Die erstmalige Prozedur geschah, nachdem sich die anderen Fraktionen an mehreren Aussagen von Stephan Brandner (AfD) in sozialen Netzwerken stießen.

Berlin. – Anlass für die Abwahl des AfD-Manns aus Thüringen sind dessen Äußerungen, in denen er die Verleihung des Bundesverdienstkreuzes an den Musiker Udo Lindenberg als „Judaslohn” kritisierte. Obwohl in der Vergangenheit auch Abgeordnete anderer Fraktionen diesen Schmähbegriff verwendeten, unterstellten einige Kritiker Brandner daraufhin, einen vermeintlich antisemitischen Begriff zu gebrauchen.

Klares Signal gegen Hetze und Hass”

Wie das ZDF berichtet, forderten Ausschussmitglieder aller anderen Fraktionen nach dem jüngsten Kommentar den Rücktritt Brandners als Vorsitzender des Rechtsausschusses im Bundestag. Nachdem dieser sich weigerte, beschlossen sie kurzerhand seine Abwahl. Dessen Abberufung bezeichnete der rechtspolitische Sprecher der Unionsfraktion, Jan-Marco Luczak, in der Folge als „klares Signal gegen Hetze und Hass”.

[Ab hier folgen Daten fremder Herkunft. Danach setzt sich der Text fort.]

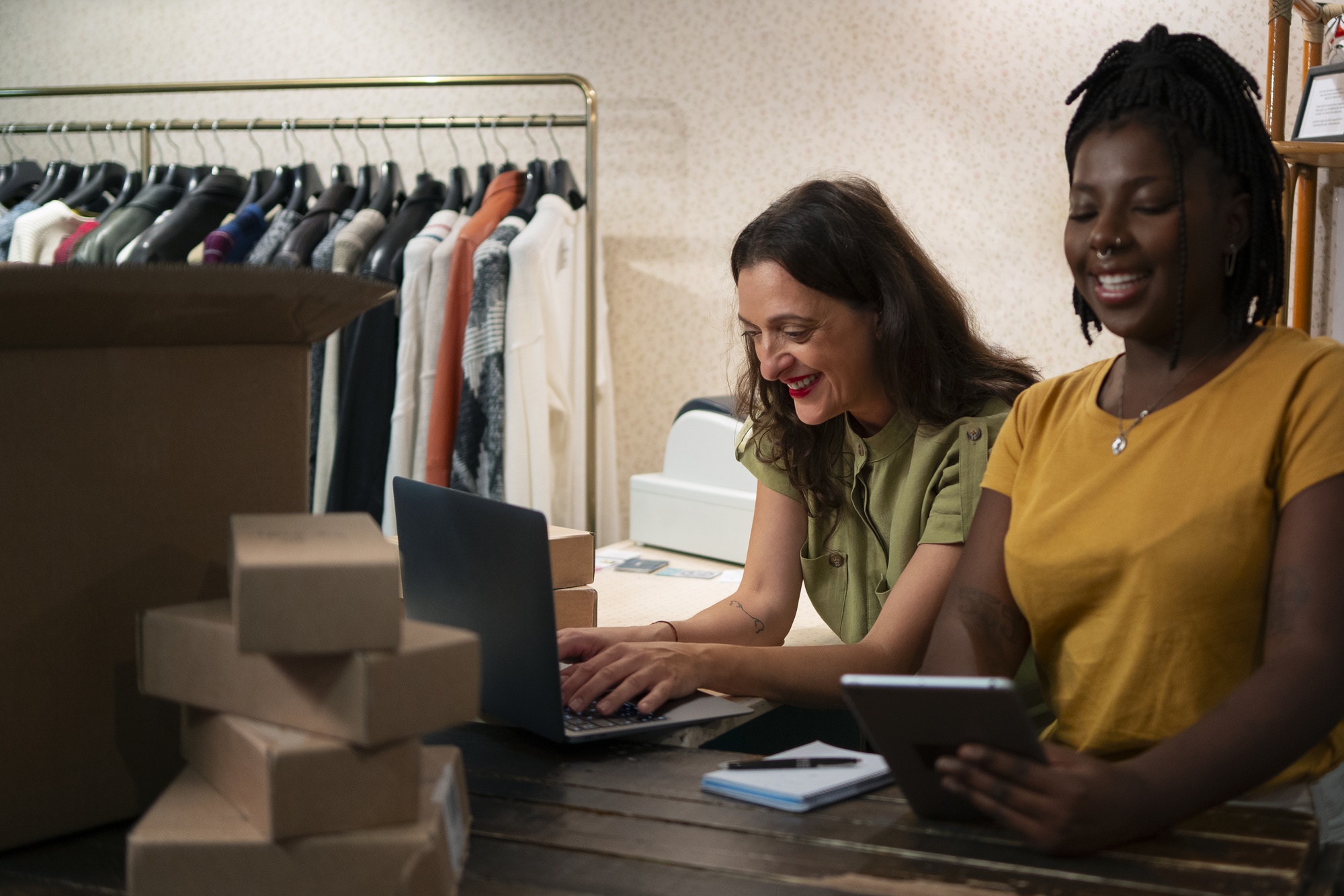 Retail & E-commerce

Brandner bereits länger im Visier seiner Kritiker

Zuvor hatte sich bereits der Deutsche Anwaltsverein (DAV) für eine Absetzung des AfD-Politikers stark gemacht. Schon vor der Entscheidung hielt man dessen Abschied für unausweichlich. Man monierte, dass ein wichtiger Ausschuss von einer Person vertreten würde, welche angeblich „andere Menschen beleidigt, diffamiert und Ressentiments gegen bestimmte Bevölkerungsgruppen schürt”.

Vor kurzem hatten einige Akteure bereits beanstandet, dass Brandner die Wortmeldung eines Nutzers retweetete, welcher sich darüber wunderte, dass Politiker nach dem Anschlag in Halle medienwirksam in Synagogen auftraten, anstatt den beiden deutschen Todesopfern zu gedenken.

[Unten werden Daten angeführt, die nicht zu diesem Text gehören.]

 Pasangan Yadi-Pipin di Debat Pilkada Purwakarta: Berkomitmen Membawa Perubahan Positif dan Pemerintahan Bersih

AfD kritisiert Abwahl scharf

Scharfe Kritik an der Abwahl übte naturgemäß die AfD. Fraktionschef Alexander Gauland sprach von einer „Zumutung für die Demokratie”. Jene Oppositionsparteien, welche diesen Vorstoß mitgetragen hätten, müssten „sich fragen ob künftig einer, wenn er nicht pariert, abgewählt wird.” Der in der Bundesrepublik einmalige Vorgang sei jedenfalls ein „Tabubruch”.

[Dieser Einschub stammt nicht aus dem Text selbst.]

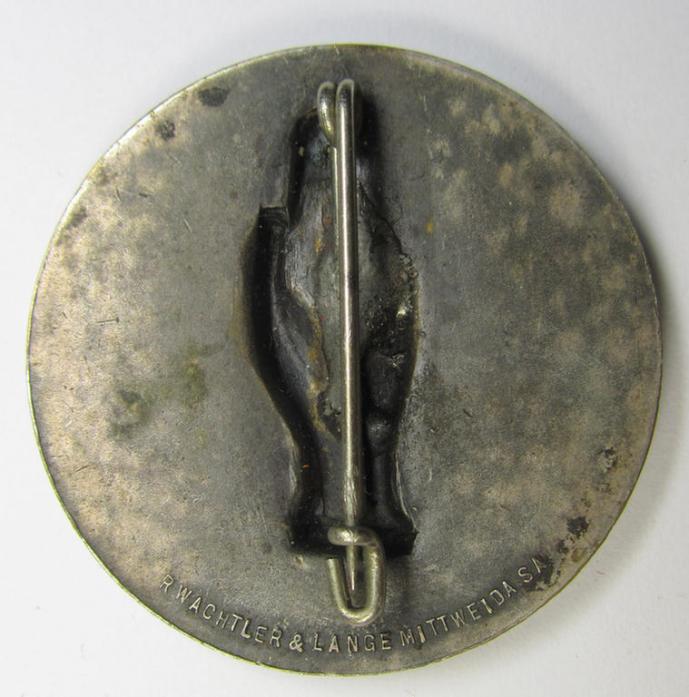 Commemorative - 'Buntmetall'-based-, N.S.D.A.P.-related 'tinnie', being a maker- (ie. 'Wächtler u. Lange'-) marked example depicting an oath-taking hand above a swastika surrounded by the text: 'Treueschwur 25-2-34 - Bayr. Ostmark'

Auch Brandner selbst teilte aus: Seine Abberufung sei „blanke Heuchelei”, in der Sitzung sei er sich „wie bei einem FDJ-Tribunal” vorgekommen. Es handle sich um einen „weiteren Tiefpunkt für den Parlamentarismus in Deutschland”. Sein Fraktionskollege Jens Maier bezeichnete die Abwahl gar als „politisch motivierten Machtmissbrauch”.